*** DATA SECTION

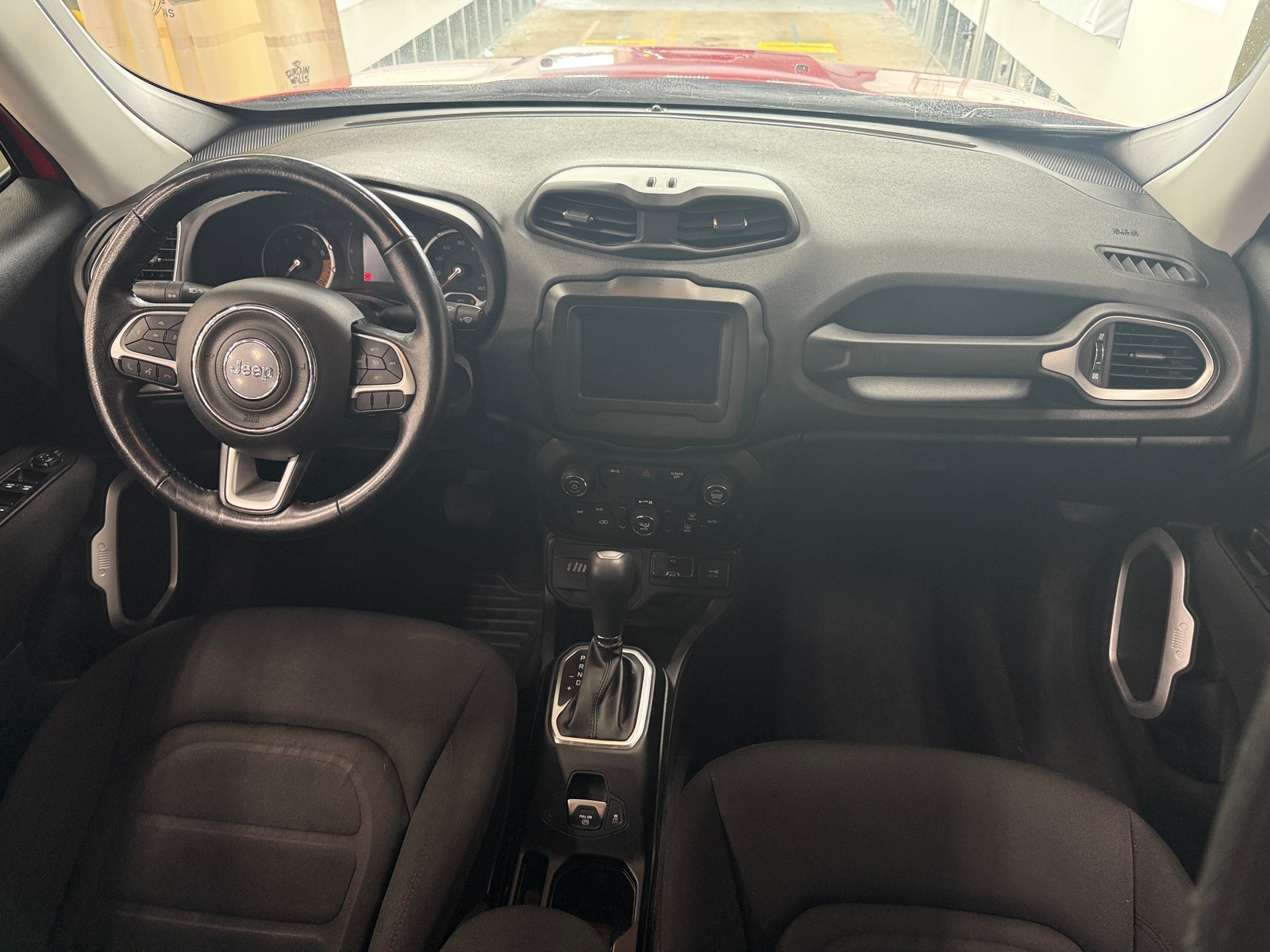 Thumbnail: 2019 Jeep Renegade - 3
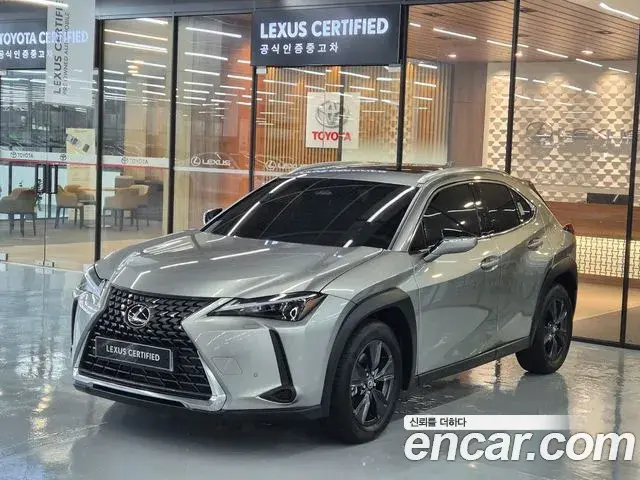 Lexus UX300h 2025 — Şəkil 10/19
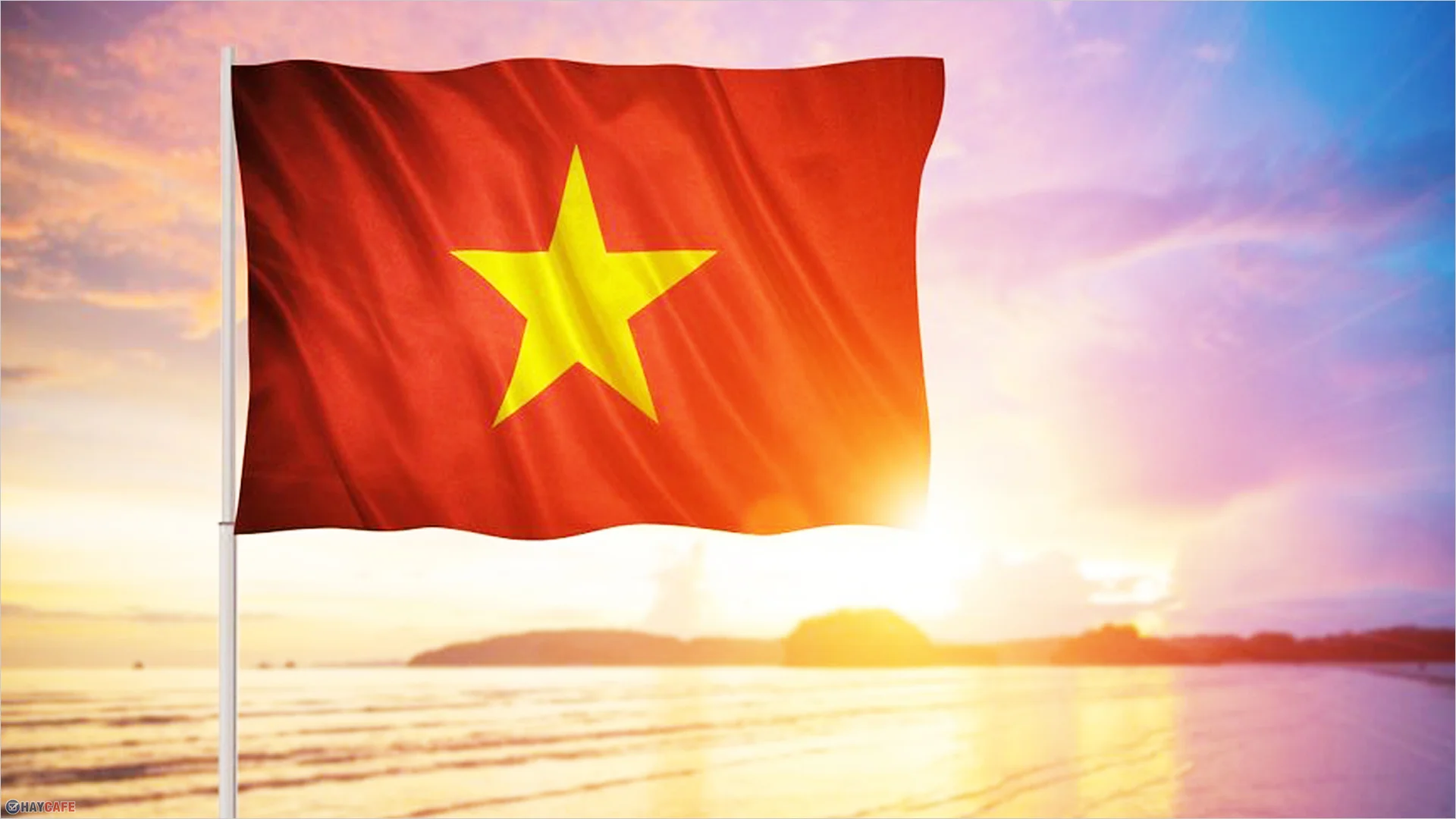Hình ảnh lá cờ Việt Nam tung bay trên bãi biển lúc hoàng hôn đẹp mắt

******

▸ TASK TO COMPLETE: In your copy, omit the pictures and restate every line of the data word for word.

▸ EXPECTED ANSWER:
 Thumbnail: 2019 Jeep Renegade - 3
 Lexus UX300h 2025 — Şəkil 10/19
Hình ảnh lá cờ Việt Nam tung bay trên bãi biển lúc hoàng hôn đẹp mắt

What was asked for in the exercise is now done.